To all united in isolation
Plans have been laid, ideas are hatching and the sun is shining so most of them can wait until another day. One scheme of my mother’s is to grow a new lawn, well regrow half of our lawn at least. The half that surrounds the bird bath is mysteriously far more luscious, possibly due to the Robins who appear to be attempting to doggy paddle through the inch deep water, thus routinely emptying the bath in a manner familiar to anyone who has given a toddler a bath whilst waring nice clean clothes. We have identified two large patches of barren turf that my father has excavated. It looked like hard work so I stayed safely on the exercise bike, [which is still miraculously working in spite of being exposed to British spring], and listened to an audio book so I could pretend I would have offered to help, “if only I’d noticed”. The next stage of the operation was for my mother to carefully fill in the crater with layers of compost and top soil, methodically sprinkle grass seed in the exact pattern described in the manual, and drag a rake through the whole precisely structured setup. Then, the very same birds who water half the lawn for us must at all costs be kept away from the newly planted seeds. I say at any cost, we have put down some plastic netting and we hope that’s enough, we haven’t started employing the neighbours’ children to stand on chairs and watch over the fence so they can scream at any bird landing on our seedlings… yet.
Another ongoing project is my effort to train for the great British Bake Off. This weekend I learned a valuable lesson: Mary Berry recipes online are different to those in her books, different as in free and wrong! As a result, the gingerbread I was meant to roll out simply crumbled under the rolling pin. Fortunately my dear mother is fantastic in a crisis, [unless failed links to zoom are involved, at which point she becomes a wolverine capable of biting an IPad in two], so we packed the gingerbread crumble into a single baking tray and cut the shapes out of the resulting tray-bake. I decorated the surprisingly sturdy house with far too much royal icing and then, encouraged by my sister, I performed the first cut with my teeth. It took me several attempts since I miss-judged the orientation of the roofline but I was eventually able to “cut” a mouthful of mostly icing from the apex, providing the inhabitants with an unplanned sky light. The second was particularly interesting as I got both a larger dose of the very tasty gingerbread and a little extra texture from an inch of broken cocktail stick used to hold the roof in place.
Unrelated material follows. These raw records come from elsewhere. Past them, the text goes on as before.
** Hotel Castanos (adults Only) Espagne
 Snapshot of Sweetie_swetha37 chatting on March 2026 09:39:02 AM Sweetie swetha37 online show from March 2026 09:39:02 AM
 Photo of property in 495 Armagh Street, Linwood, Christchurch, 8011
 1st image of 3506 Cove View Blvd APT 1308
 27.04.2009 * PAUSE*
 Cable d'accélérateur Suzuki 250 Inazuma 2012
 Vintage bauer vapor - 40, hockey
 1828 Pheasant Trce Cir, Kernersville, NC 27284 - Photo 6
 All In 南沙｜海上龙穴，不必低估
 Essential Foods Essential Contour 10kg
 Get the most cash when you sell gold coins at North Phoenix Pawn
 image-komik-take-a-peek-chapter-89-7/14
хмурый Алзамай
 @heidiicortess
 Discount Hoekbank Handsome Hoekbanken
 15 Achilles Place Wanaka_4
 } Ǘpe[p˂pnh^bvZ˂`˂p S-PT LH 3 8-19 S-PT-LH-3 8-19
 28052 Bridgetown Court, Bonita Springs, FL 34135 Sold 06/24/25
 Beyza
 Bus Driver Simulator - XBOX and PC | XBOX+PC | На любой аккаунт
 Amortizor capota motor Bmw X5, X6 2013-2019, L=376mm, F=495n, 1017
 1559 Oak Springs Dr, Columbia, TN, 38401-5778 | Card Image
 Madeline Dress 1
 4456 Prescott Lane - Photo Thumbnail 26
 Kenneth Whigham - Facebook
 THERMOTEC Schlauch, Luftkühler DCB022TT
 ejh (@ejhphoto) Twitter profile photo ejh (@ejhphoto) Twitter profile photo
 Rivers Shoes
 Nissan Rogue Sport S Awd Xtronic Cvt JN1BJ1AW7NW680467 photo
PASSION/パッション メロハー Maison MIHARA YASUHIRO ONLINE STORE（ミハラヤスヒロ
This appeared to be a load-bearing beam as the second “cut” quickly lead to structural collapse, giving rise to the question “what cowboy built this in the first place?”
I have posted the video of me savaging the gingerbread house on Facebook and hope to start a new fad of #FacePlantChalenge so if you are enjoying a cake or other confectionery at any point in the near future, please join me by videoing your techniques and tagging me in when you post them. I look forward to your videos.